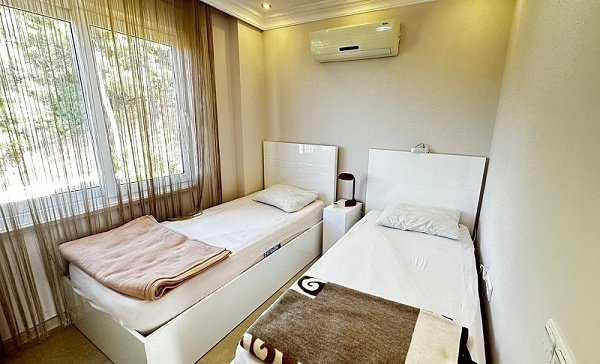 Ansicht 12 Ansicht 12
...
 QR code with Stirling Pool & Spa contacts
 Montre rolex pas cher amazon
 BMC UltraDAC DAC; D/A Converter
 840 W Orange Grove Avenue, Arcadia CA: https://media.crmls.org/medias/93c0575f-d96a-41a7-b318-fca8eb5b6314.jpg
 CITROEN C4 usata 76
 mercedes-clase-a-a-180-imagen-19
--
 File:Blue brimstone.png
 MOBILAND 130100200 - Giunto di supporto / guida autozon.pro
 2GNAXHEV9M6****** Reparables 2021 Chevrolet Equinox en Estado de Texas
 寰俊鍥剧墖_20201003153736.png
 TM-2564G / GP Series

— The problem —
Look above for the line holding "File:Blue brimstone.png" and the line holding "TM-2564G / GP Series". Retype both, and every line between them, word for word and nothing else.

— Exercise response —
 File:Blue brimstone.png
 MOBILAND 130100200 - Giunto di supporto / guida autozon.pro
 2GNAXHEV9M6****** Reparables 2021 Chevrolet Equinox en Estado de Texas
 寰俊鍥剧墖_20201003153736.png
 TM-2564G / GP Series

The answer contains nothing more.